Le macchine intelligenti, che da sempre hanno arricchito i personaggi dei libri o dei film di fantascienza con fattezze più o meno antropomorfe e con ruoli più o meno positivi, sono ormai realtà. Sì pensi alle gare tenutesi in Corea del Sud parallelamente alle Olimpiadi Invernali dove gli atleti sono stati sostituiti da vere e proprie macchine intelligenti; o ai video che ultimamente hanno spopolato sui media dove le macchine della Boston Dynamics deambulano in ambienti superando aprendo porte o superando percorsi attraverso salti e acrobazie.

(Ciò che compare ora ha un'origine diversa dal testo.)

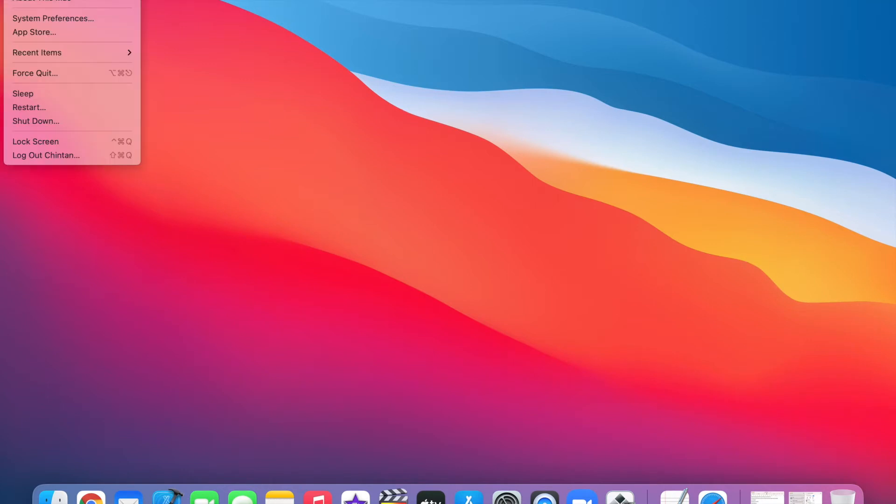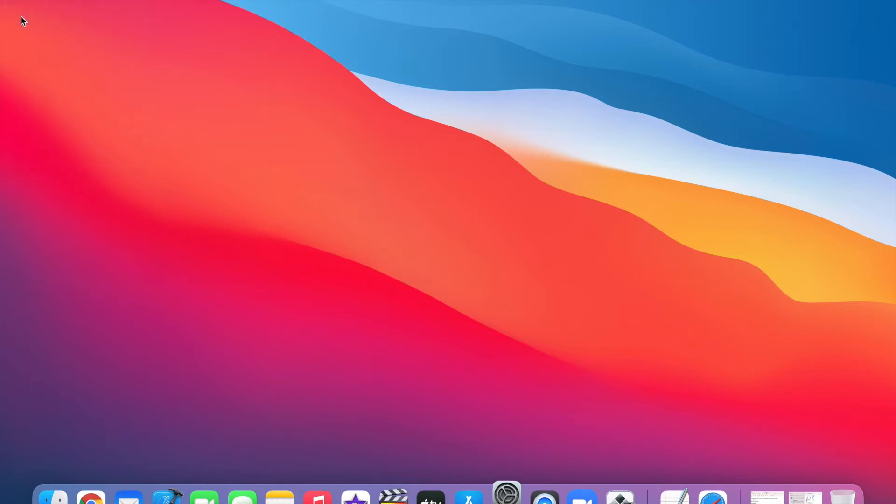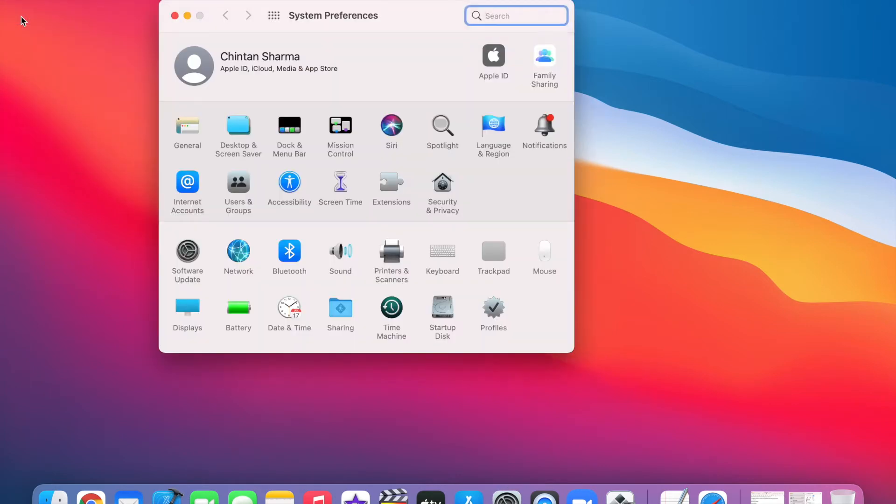Now, I would like you to click on the option that says System Preferences. After you click on System Preferences, please click on the option that says Security & Privacy.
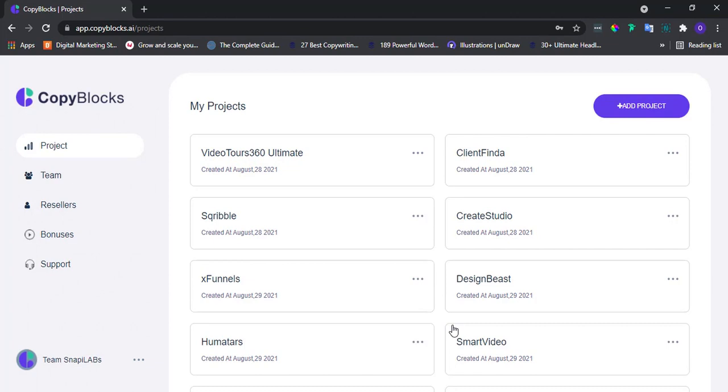Before we dive into it, I'll advise you to go back to watch Video 1 under Module 2 of this Academy. In that video, I did a detailed walkthrough on how to create a project and write converting copy.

I Co-robot e cobot sono abbreviazioni che descrivono la tecnologia dei robot collaborativi, macchinari intelligenti che interagiscono, e quindi collaborano, con gli esseri umani all’interno di uno spazio di lavoro condiviso. La General Motors, tra le prime ad avvicinarsi a questa tecnologia per diminuire i rischi a cui venivano sottoposti i tecnici impiegati nell’assemblaggio di componentistica per automobili, li ha anche chiamati, in una prima fase, Intelligent Assist Device.

Il mercato globale dei robot collaborativi dovrebbe crescere dai 175 milioni di dollari a quasi 4 miliardi di dollari nel 2021. Le funzioni affidate a questi assistenti sono, per ora, le più routinarie e in Italia, secondo Giovanni Mitragliotta, direttore dell’Osservatorio Industria 4.0 e dell’Osservatorio artificial intelligence, ci troveremmo ancora in una fase di avvicinamento alla tecnologia, soprattutto per quanto riguarda la piccola-media impresa.

Le applicazioni inoltre innervosiscono il mercato della forza lavoro che si sente minacciato dall’automazione. Camozzi, Ceo dell’omonima Camozzi S.p.a., smentisce queste preoccupazioni dichiarando di aver assunto 80 persone nel 2017. Le competenza cambiano e la necessità di figure rimane e, anzi, aumenta.